What does this program do? Intuitively, this program should print the third digit of `pi`. In reality, the behavior differs between languages. In OCaml, any argument to a function is evaluated before being passed into a function (so called strict evaluation). If we use this reduction order, then our above program will run forever computing the digits of `pi` before it can be passed to our printer function (which never happens). Since the machine does not have infinite memory, the program will eventually run out of memory and crash. However, morally this might not be the best evaluation order. Our program does not use all of the sequence `pi`, it uses only the third element. Other languages (most notably, Haskell) use a lazy evaluation order, in which functions are evaluated only as much as they need be so that further computation can be done.

There are other examples of infinite structures in computing as well: any program which runs forever (a so called, process) is typically defined in a similar manner. Operating systems, web servers, text editors, and most other interesting programs. The basic idea behind these processes is closely tied to the example given above: rather than being specified by recursive calls, these processes are modeled as co-recursive calls (with their associated co inductive types).

I’m not prepared to explain coinduction in it’s full generality, but I wanted to give some pointers to literature that introduces it. One basic story is clear:

Inductive structures form least fixed points, and coinductive structures form greatest fixed points.

While this tag line is used all over the place, it’s not really clear in what sense (co)inductive form fixed points, and it’s really not clear how one fixed point would be “larger” than another. The answer, as it turns out, is somewhat involved and deals with a bit of algebra: specifically, treating inductive and coinductive types as forming algebras (sets with operations on those sets) with certain properties that you use to define recursive functions and inductive proof principles.

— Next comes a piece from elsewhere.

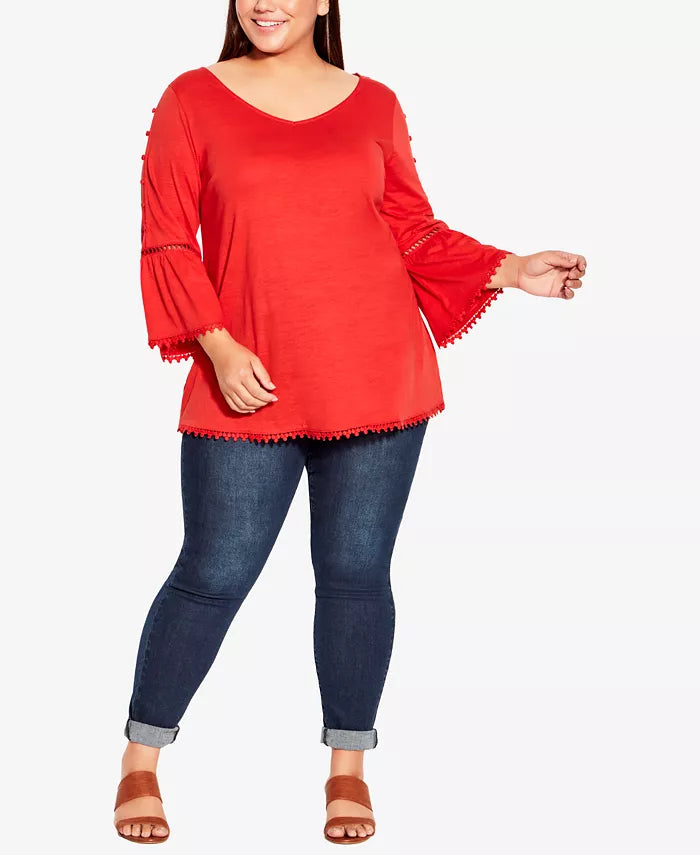 EVANS Plus Size Crochet Split Sleeve Top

I’ll assume that you’re familiar with regular old induction, and recursive definitions of functions. The following definition suffices to think about corecursive functions:

Recursive functions break apart finite data, co-recursive functions build infinite data.

I think this seems strange to people who haven’t seen it before (it still seems strange to me):

• The need for infinite data is not clear to those who have never used it. We wrote programs without using infinite data, why use it?

• We can’t physically hold infinite objects in memory. By contrast, we can hold finite data in memory. It seems kind of crazy that we should be able to hold an infinite object in memory. Here’s something to alleviate your understandable discomfort: let’s say we have an infinite loop in a program which outputs a long sequence of (unknown) digits (say, pi). Can we keep the output of this program in memory? Not all of it. So what do we do instead? We keep the (finite) program (the code of the loop) which generates the object in memory.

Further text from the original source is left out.